[[ Data extract, beginning ]]
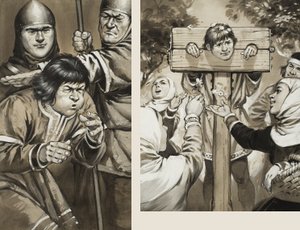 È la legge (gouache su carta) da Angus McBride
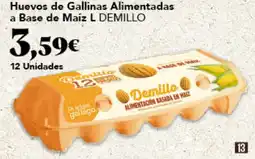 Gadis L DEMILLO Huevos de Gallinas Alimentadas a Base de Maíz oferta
[[ Data extract, end ]]
[[ Data extract, beginning ]]
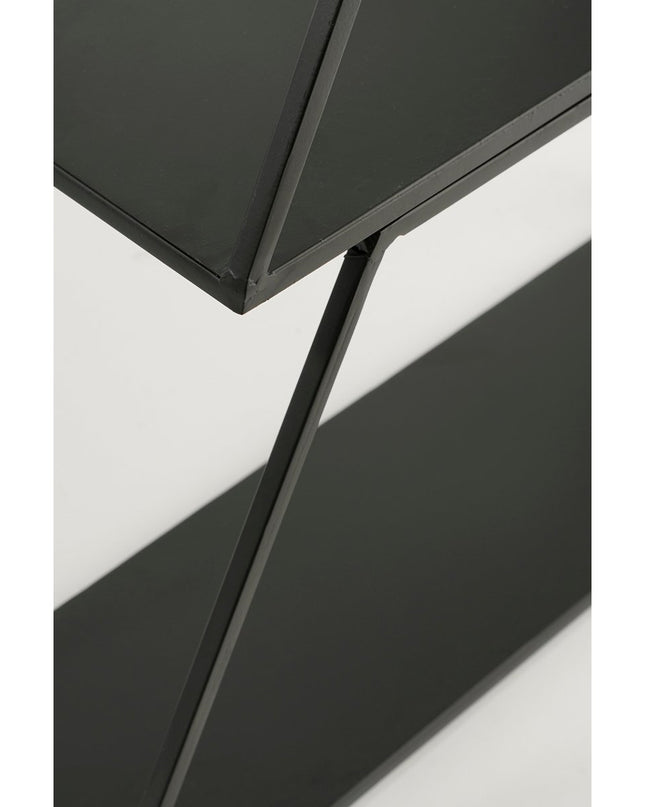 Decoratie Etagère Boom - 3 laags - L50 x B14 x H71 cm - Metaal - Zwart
[[ Data extract, end ]]
[[ Data extract, beginning ]]
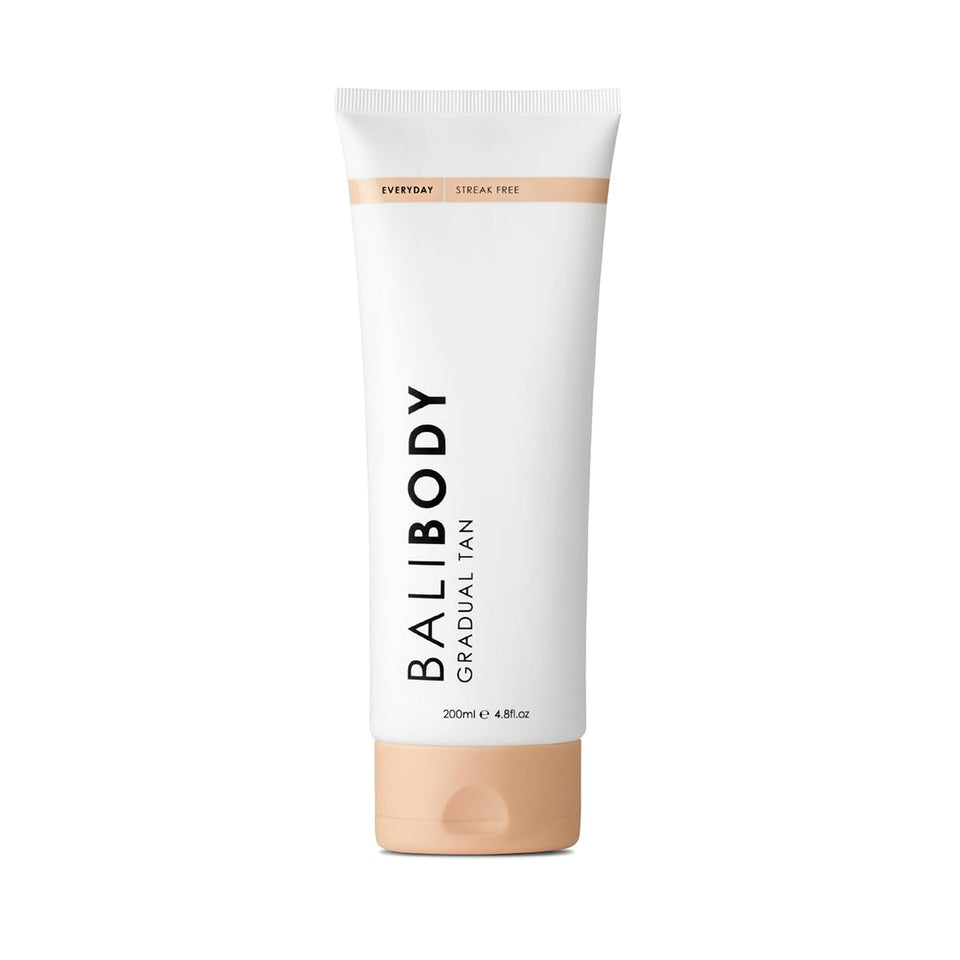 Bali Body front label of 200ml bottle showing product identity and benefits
[[ Data extract, end ]]
When you reach the line containing "È la legge (gouache" in the entries above, begin restating word for word, and stop once the line containing "Gadis L DEMILLO" has been given. Omit the pictures.

# Written response:
 È la legge (gouache su carta) da Angus McBride
 Gadis L DEMILLO Huevos de Gallinas Alimentadas a Base de Maíz oferta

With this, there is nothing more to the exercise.